The Financial Supervisory Commission (FSC) yesterday downplayed the ramifications of Hon Hai Precision Industry Co’s (鴻海精密) decision to list a subsidiary on the Shanghai Stock Exchange and its speedy approval by Chinese regulators.
The China Securities Regulatory Commission on Sunday announced that it would begin reviewing the listing application of the subsidiary, Foxconn Industrial Internet Co (FII, 富士康工業互聯網).
However, the Chinese commission yesterday approved the application — less than 60 days after Hon Hai Precision’s shareholders in January gave the green light to the listing plan.
FII, with paid-in capital of 17.72 billion yuan (US$2.8 billion), is to hold its A-share initial public offering next month.
The company gained fast-track approval in China as part of Beijing’s plans to promote “unicorn” companies in new economy sectors, such as biotechnology, cloud computing, artificial intelligence and high-end manufacturing, the FSC said.
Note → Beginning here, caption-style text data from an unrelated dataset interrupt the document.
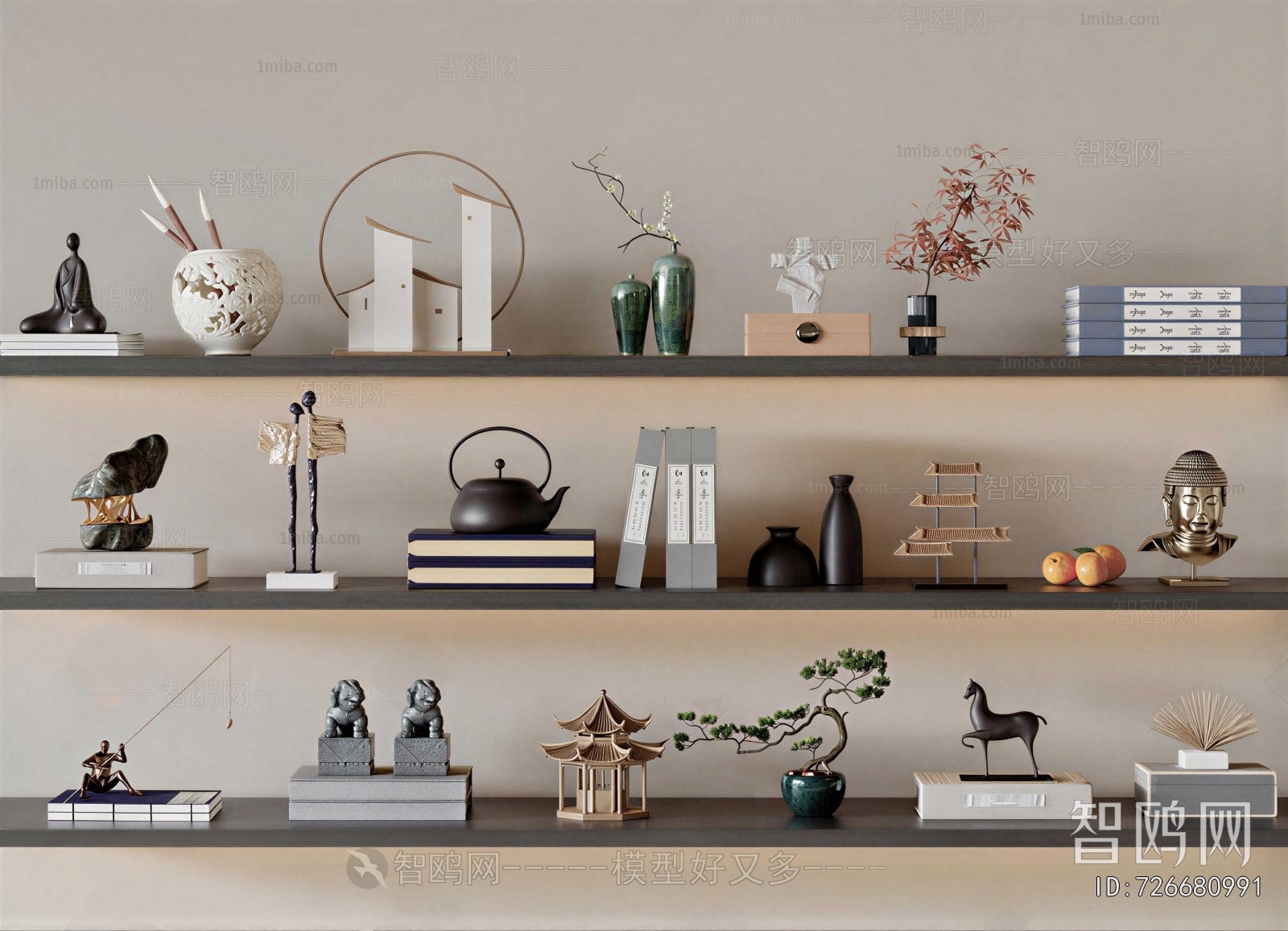 New Chinese Style Decorative Set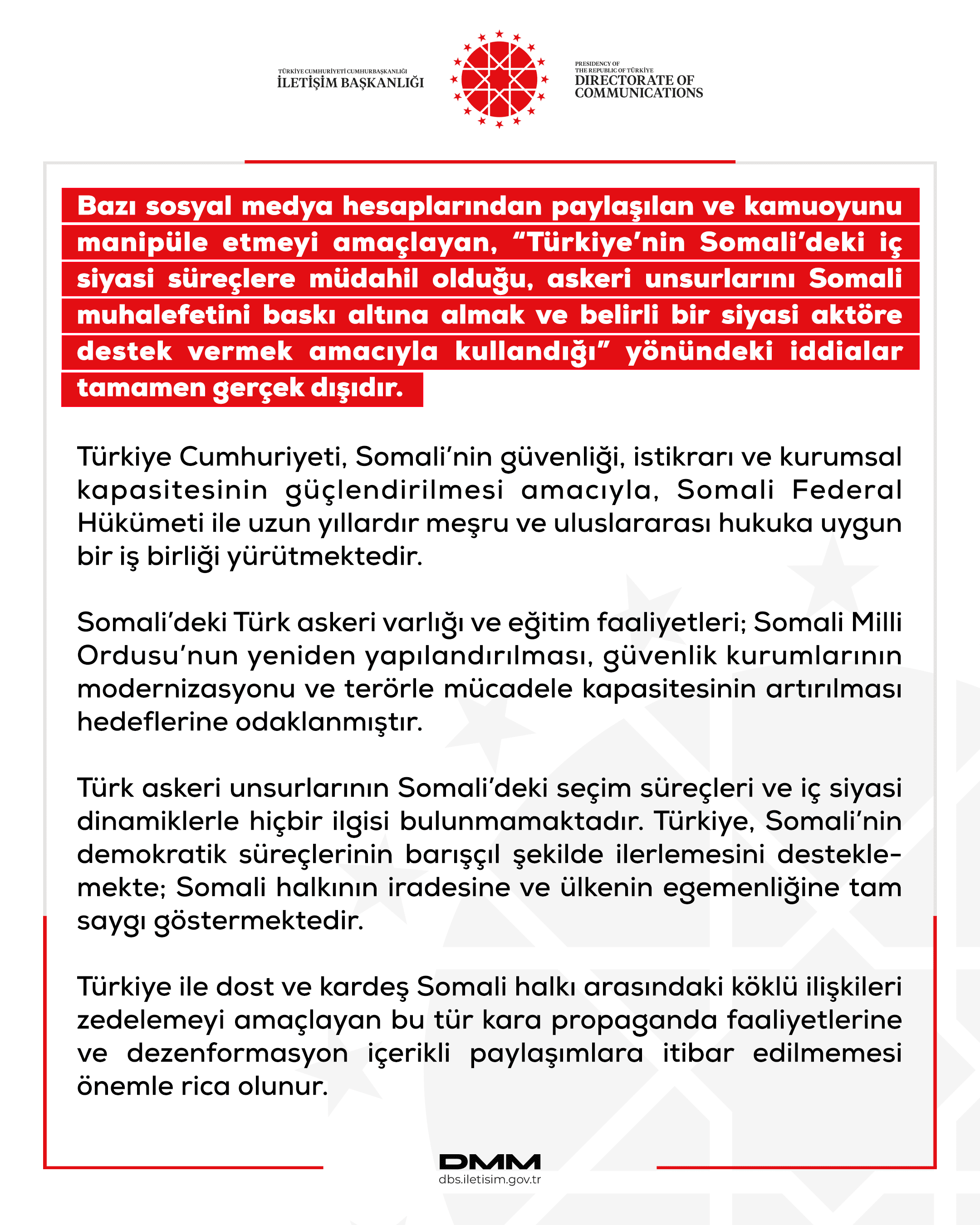 Dezenformasyonla Mücadele Merkezi (DMM),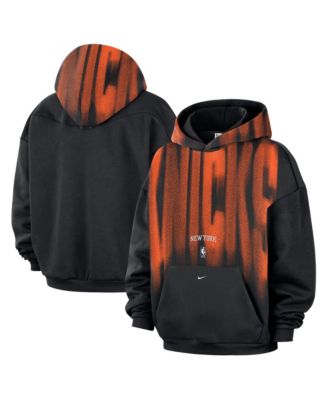 Men's Black, White New York Knicks 2026 Game Theather Fleece Hoodie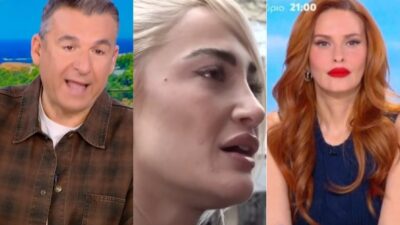 Ο Γιώργος Λιάγκας, η Ιωάννα Τούνη και η Σίσσυ Χρηστίδου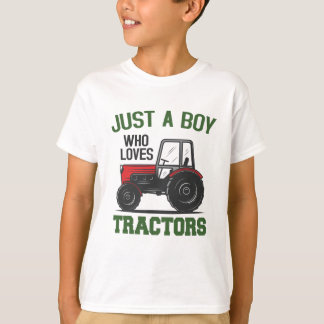 Gewoon een jongen die van tractoren houdt die Boer T-shirt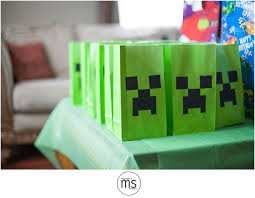 A Minecraft Birthday Party Minecraft Birthday Minecraft Birthday Party Diy Birthday Party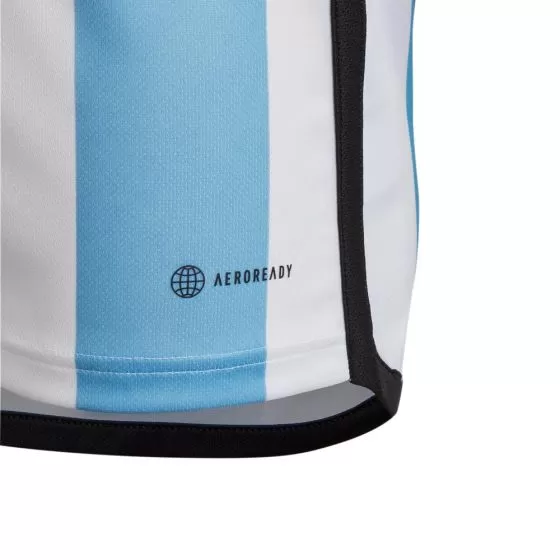 Argentina 22/23 Men Home Jersey MESSI 10 World Cup Patch – Yalla Sports KSA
Beijing is not explicitly aiming to poach Taiwan’s top enterprises to its capital markets, the FSC said.
FII, which is registered in China, is not eligible to seek listing in Taiwan, it said, adding that as of the September quarter last year, it earnings represented only 0.5 percent of Hon Hai’s bottom line.
Under tight capital controls imposed by Beijing, Taiwanese subsidiaries based in China can reduce the strain on their parent companies by seeking funding from the Chinese capital market, the FSC said.
While the Chinese market is significantly larger and has more attractive price-to-earnings valuation, Taiwan’s market offers more transparency and lenient capital controls, it said.
The FSC said it has instructed the Taiwan Stock Exchange and the Taipei Exchange to seek opportunities in China and Southeast Asia, as well as to devise alternative listing standards for local businesses.